◆ What needs to be done: What should be copied is the stretch of entries below from the line with "Nya Pulsen Flankstek erbjuda" up to and including the line with "USA Step Dad", exactly and without images.

◆ Working data:
--

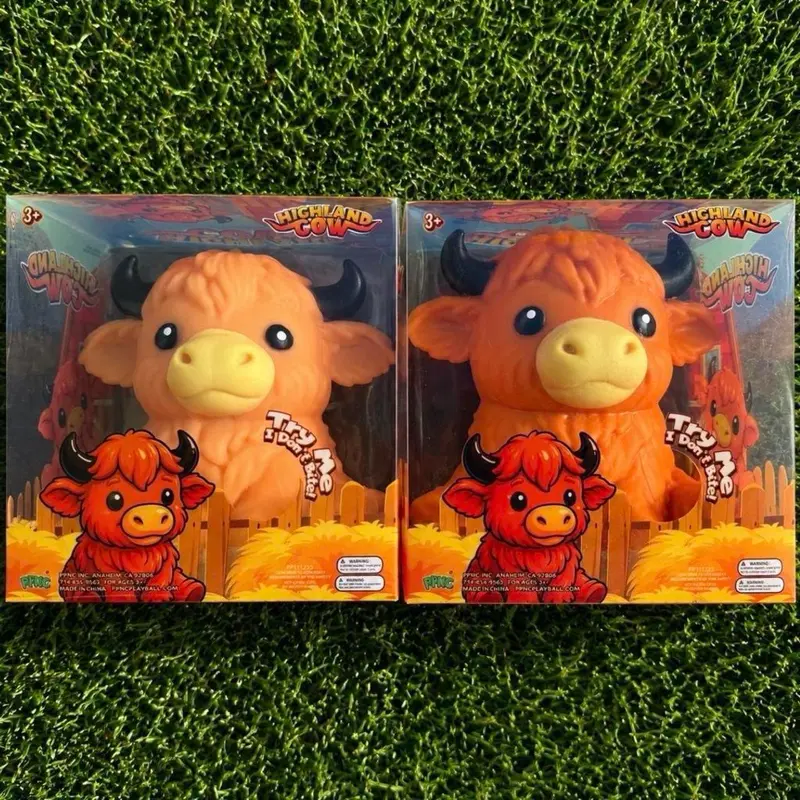 Highland cow squeezy squish toy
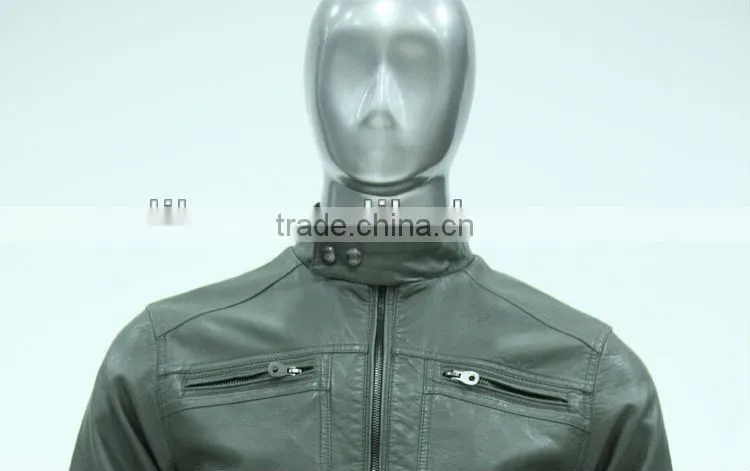 ALIKE motorcycle leather jacket men leather jackets for men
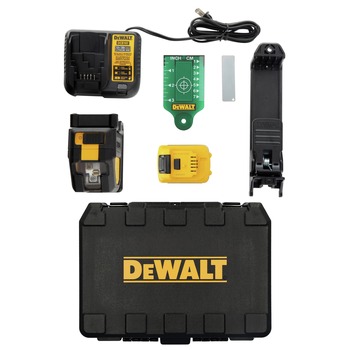 HAND TOOLS | Dewalt 12V MAX Lithium-Ion 5-Spot and Cross Line Laser - Green - DW0825LG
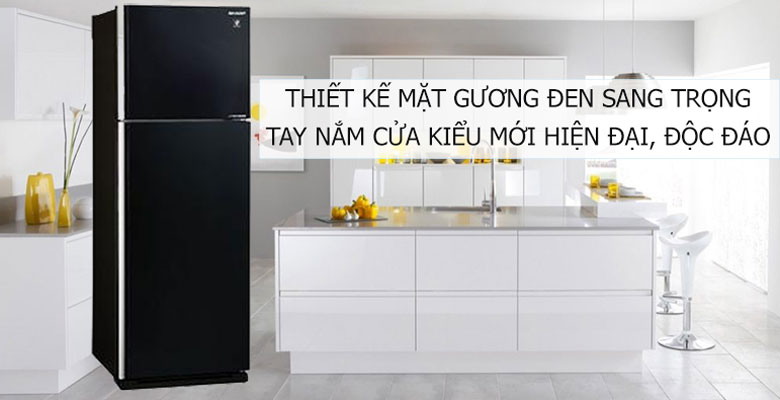 Có nên mua tủ lạnh Sharp: Tủ lạnh Sharp Inverter 394 lít SJ-XP435PG-BK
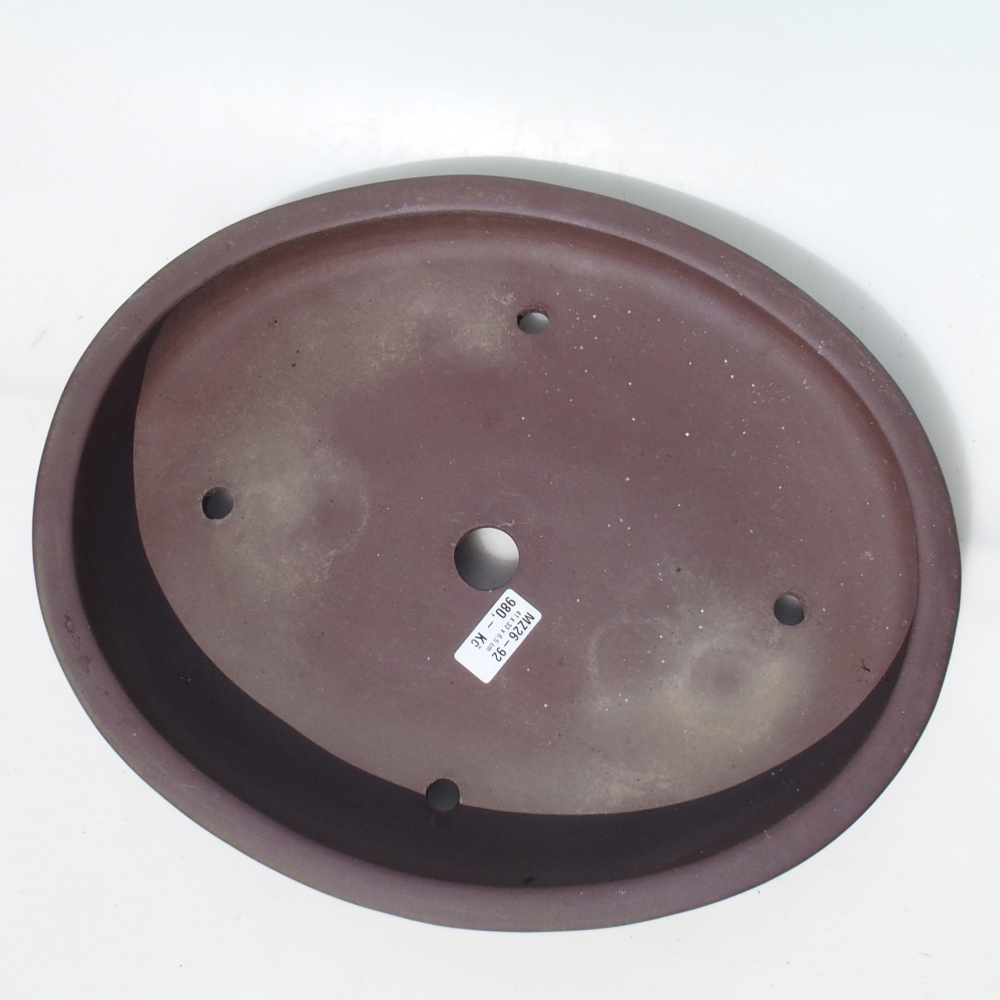 Bonsai miska 41 x 33 x 6,5 cm -  barva hnědá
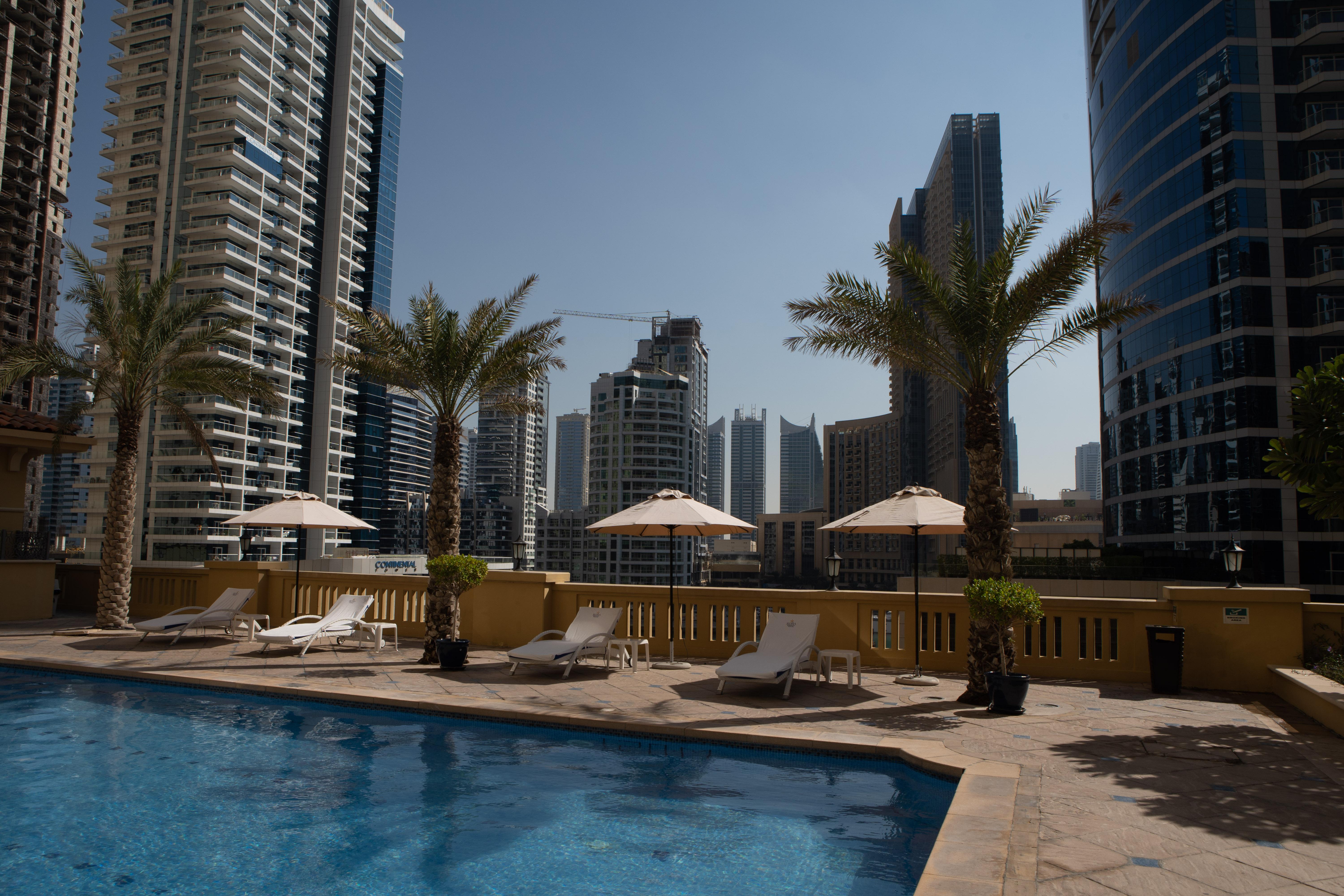 Suha Jbr Hotel Apartments Dubai Eksteriør billede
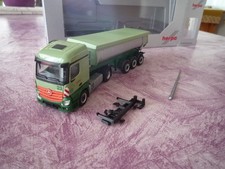 Herpa  940719  MB Actros Thermo Rundmulden  Sattelzug Kipper Geiger 1:87  in OVP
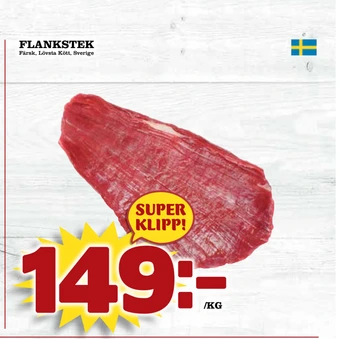Nya Pulsen Flankstek erbjuda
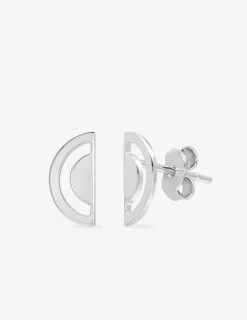 Boucles d'oreilles demi-cercles argent 925‰ SO OR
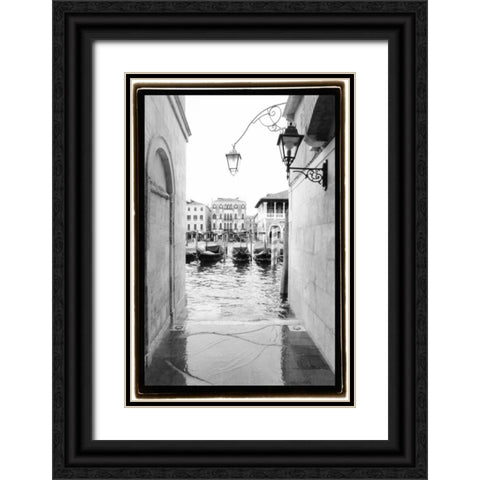 Glimpses Grand Canal Venice III Black Ornate Wood Framed Art Print with Double Matting by DeNardo, Laura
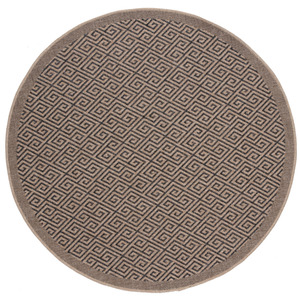 Dark Grey Nature Collection Circle Geometric Outdoor Rug shot 3551145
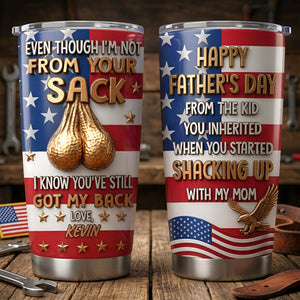 USA Step Dad 20oz Tumbler - Personalized Gifts For Step Dad 07tyqn060526 - Tumbler Cup - GoDuckee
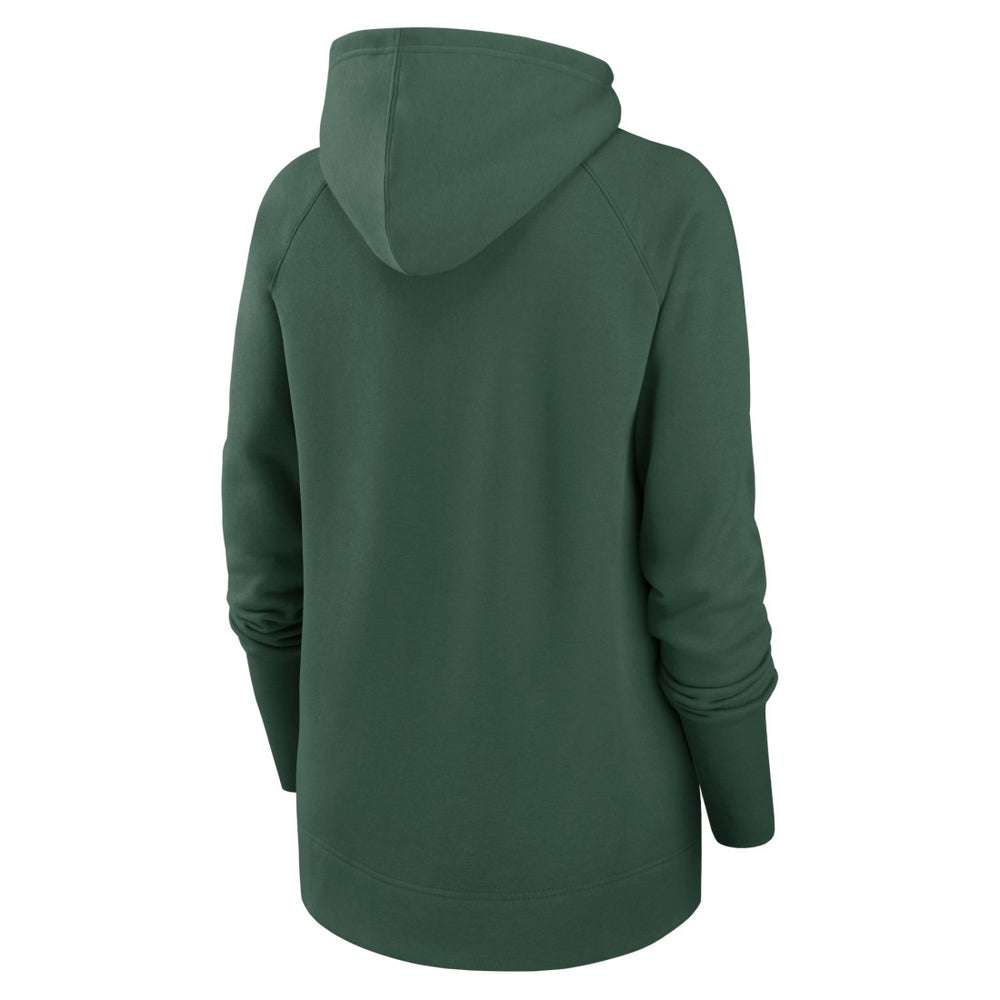 Green Bay Packers Nike Women's Asymmetrical Raglan Full-Zip Hoodie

--

◆ Solution to the exercise:
Nya Pulsen Flankstek erbjuda
 Boucles d'oreilles demi-cercles argent 925‰ SO OR
 Glimpses Grand Canal Venice III Black Ornate Wood Framed Art Print with Double Matting by DeNardo, Laura
 Dark Grey Nature Collection Circle Geometric Outdoor Rug shot 3551145
 USA Step Dad 20oz Tumbler - Personalized Gifts For Step Dad 07tyqn060526 - Tumbler Cup - GoDuckee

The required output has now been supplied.